▶ WHAT THIS TASK INVOLVES
Would you output the lines from the one with "Ballon Dodgeball Hexagon" through the last line of the material below, exactly, but without pictures?

────────────────

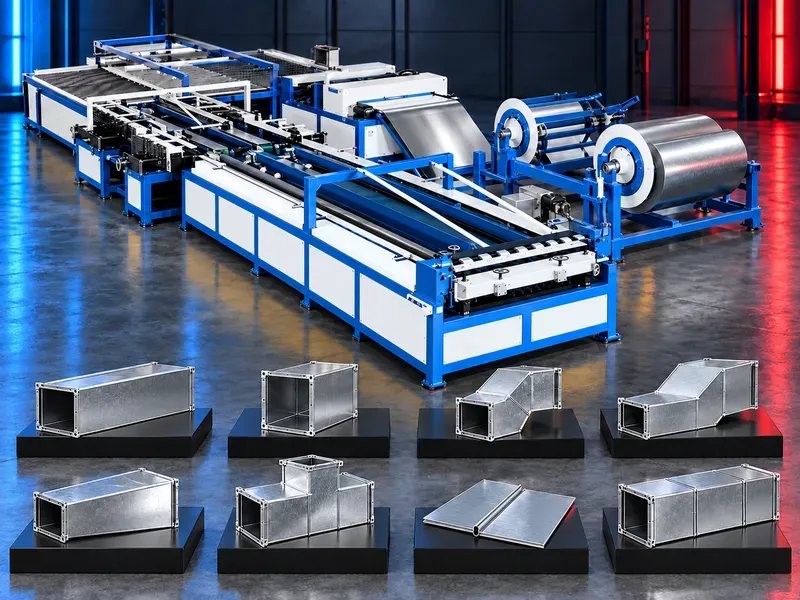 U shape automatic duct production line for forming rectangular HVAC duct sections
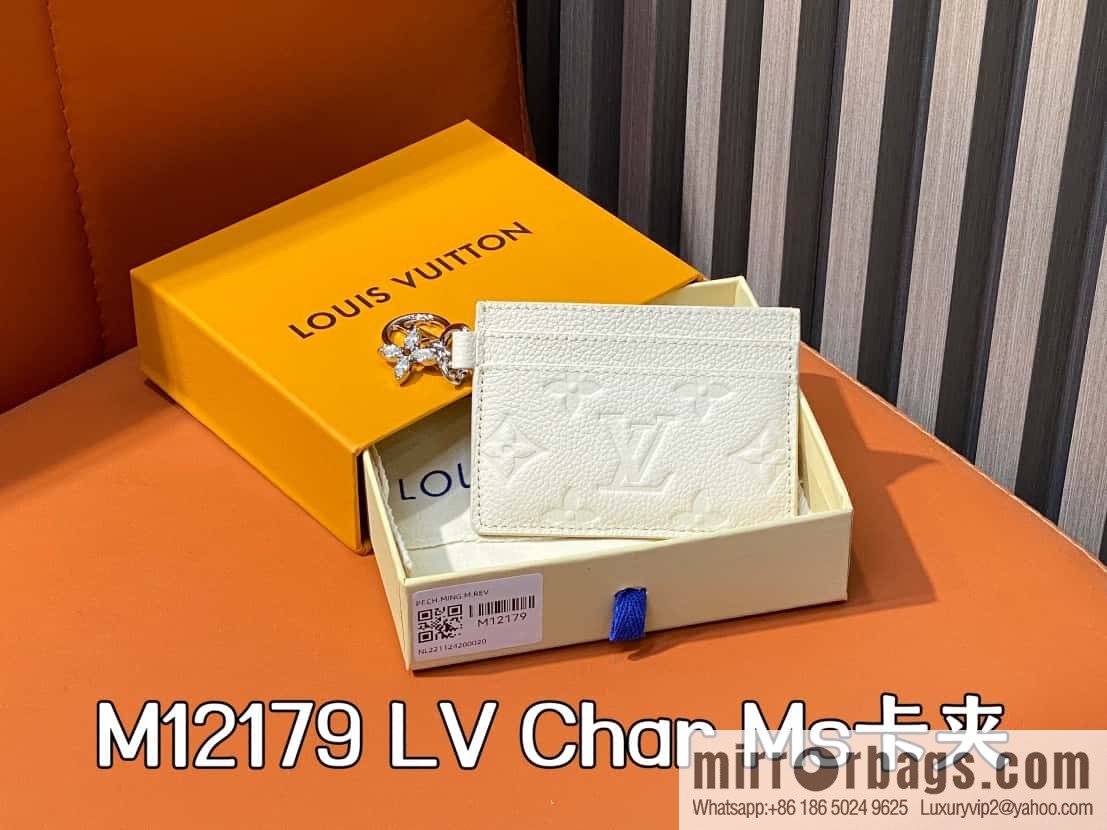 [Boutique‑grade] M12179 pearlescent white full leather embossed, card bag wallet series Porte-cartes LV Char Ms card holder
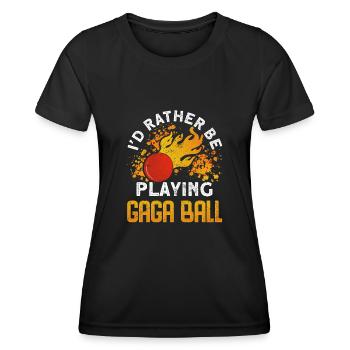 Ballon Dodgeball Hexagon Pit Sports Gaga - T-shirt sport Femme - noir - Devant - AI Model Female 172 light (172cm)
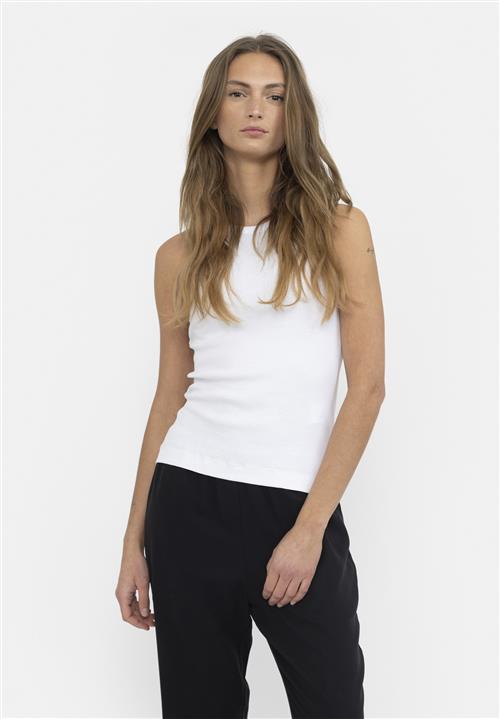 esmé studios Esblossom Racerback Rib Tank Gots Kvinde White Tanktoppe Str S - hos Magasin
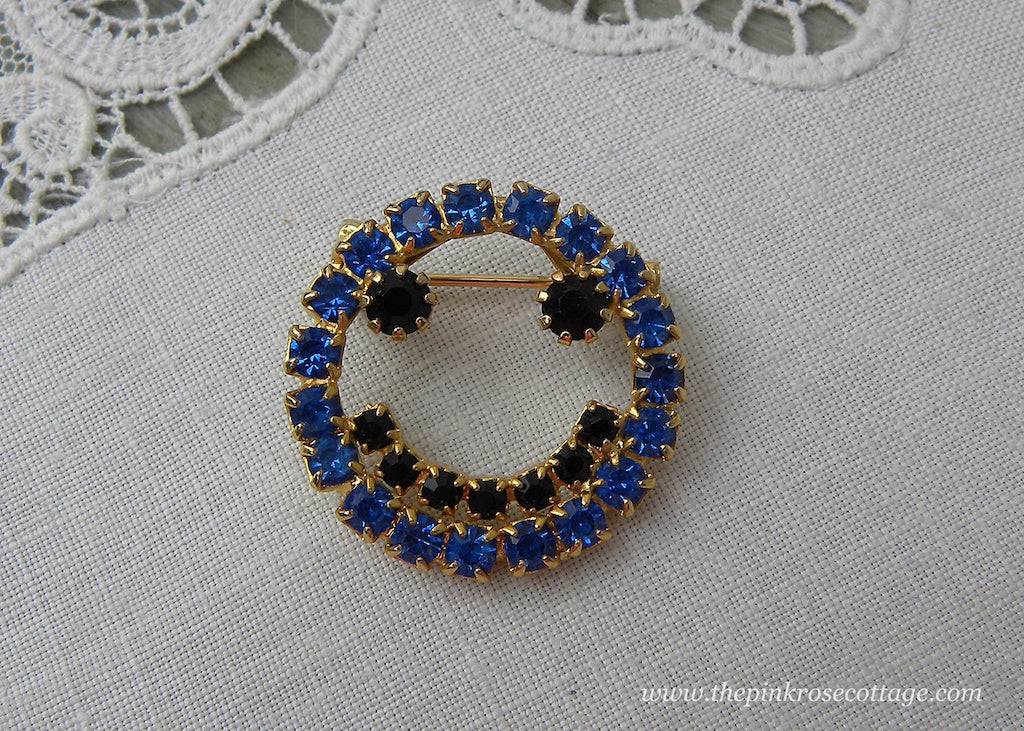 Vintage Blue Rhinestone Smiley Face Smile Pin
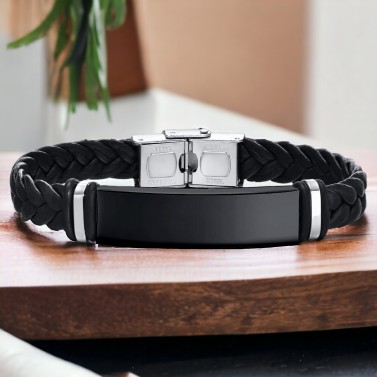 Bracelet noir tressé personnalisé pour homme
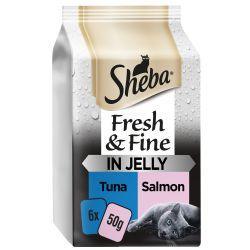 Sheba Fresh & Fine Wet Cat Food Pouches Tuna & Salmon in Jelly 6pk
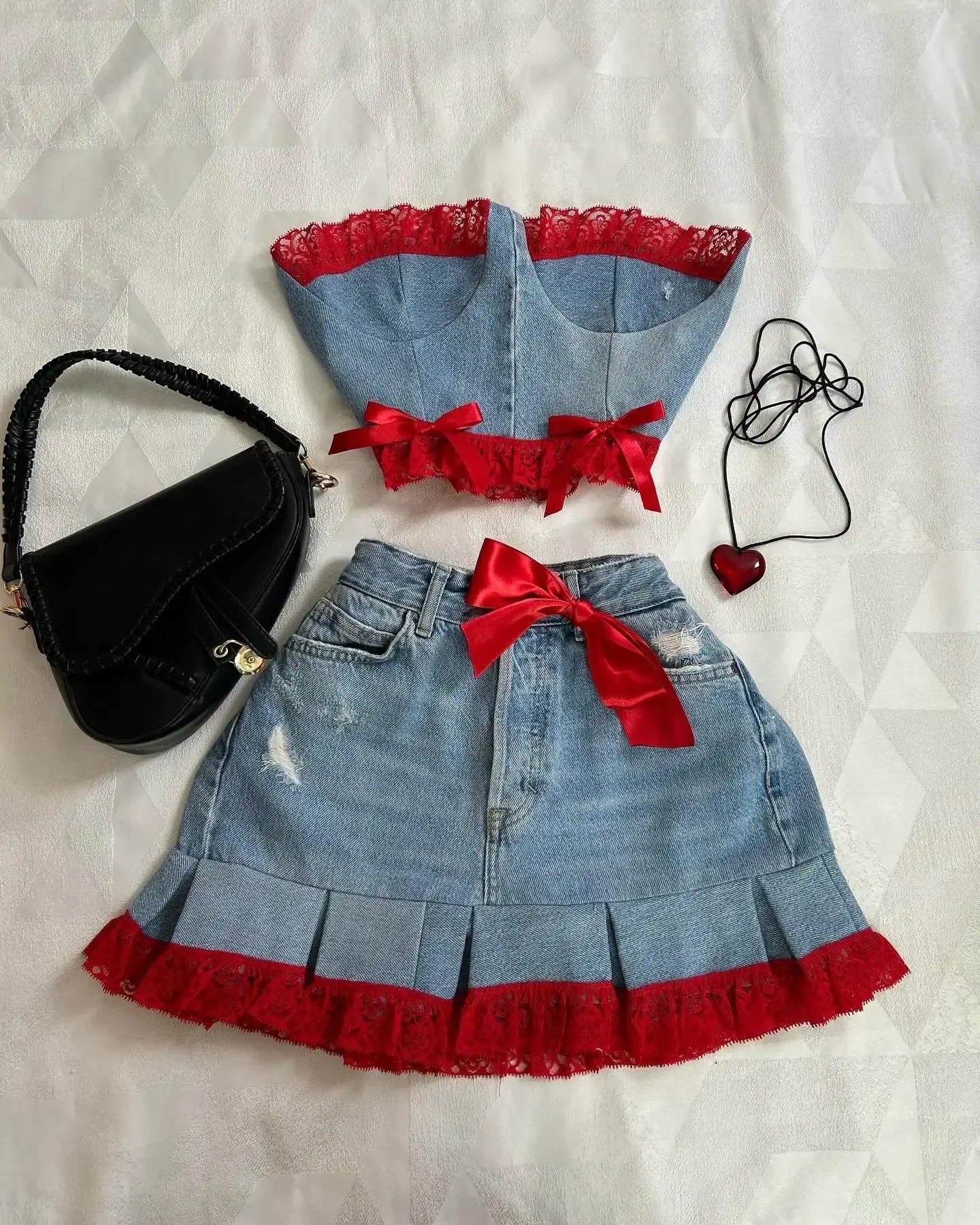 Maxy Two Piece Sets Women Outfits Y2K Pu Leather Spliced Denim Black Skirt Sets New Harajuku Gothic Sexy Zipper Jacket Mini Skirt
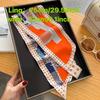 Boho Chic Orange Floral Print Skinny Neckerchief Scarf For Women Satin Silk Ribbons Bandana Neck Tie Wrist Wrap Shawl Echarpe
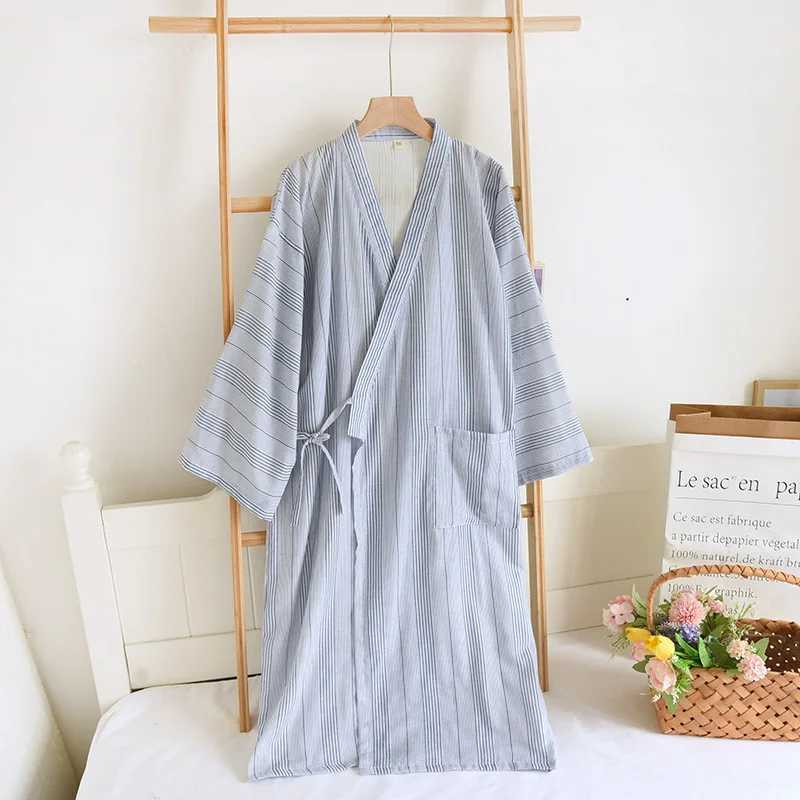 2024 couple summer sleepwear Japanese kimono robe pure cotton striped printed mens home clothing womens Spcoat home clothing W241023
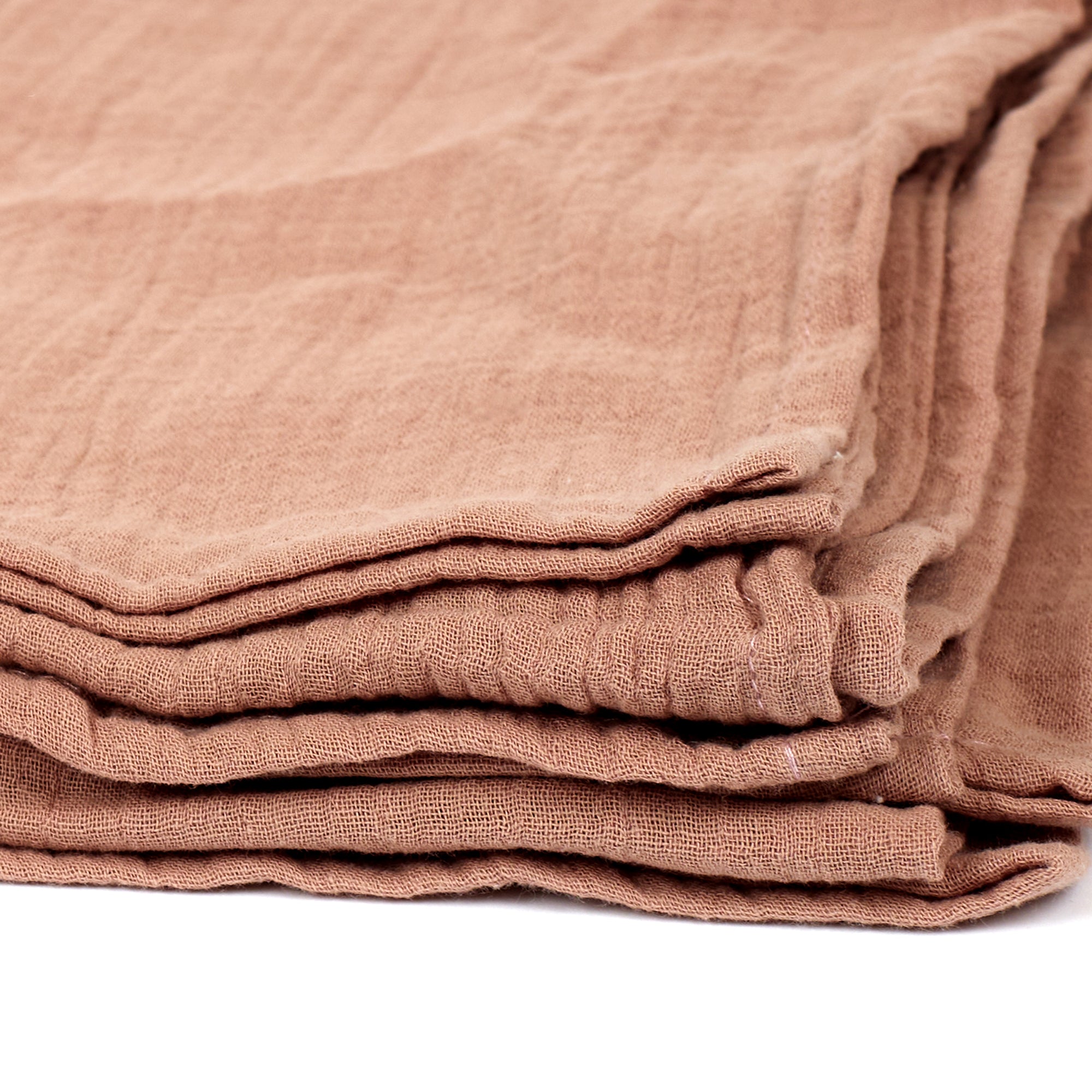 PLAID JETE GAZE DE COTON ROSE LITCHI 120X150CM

────────────────

▶ REPLY TO THE TASK
 Ballon Dodgeball Hexagon Pit Sports Gaga - T-shirt sport Femme - noir - Devant - AI Model Female 172 light (172cm)
 esmé studios Esblossom Racerback Rib Tank Gots Kvinde White Tanktoppe Str S - hos Magasin
 Vintage Blue Rhinestone Smiley Face Smile Pin
 Bracelet noir tressé personnalisé pour homme
 Sheba Fresh & Fine Wet Cat Food Pouches Tuna & Salmon in Jelly 6pk
 Maxy Two Piece Sets Women Outfits Y2K Pu Leather Spliced Denim Black Skirt Sets New Harajuku Gothic Sexy Zipper Jacket Mini Skirt
 Boho Chic Orange Floral Print Skinny Neckerchief Scarf For Women Satin Silk Ribbons Bandana Neck Tie Wrist Wrap Shawl Echarpe
 2024 couple summer sleepwear Japanese kimono robe pure cotton striped printed mens home clothing womens Spcoat home clothing W241023
 PLAID JETE GAZE DE COTON ROSE LITCHI 120X150CM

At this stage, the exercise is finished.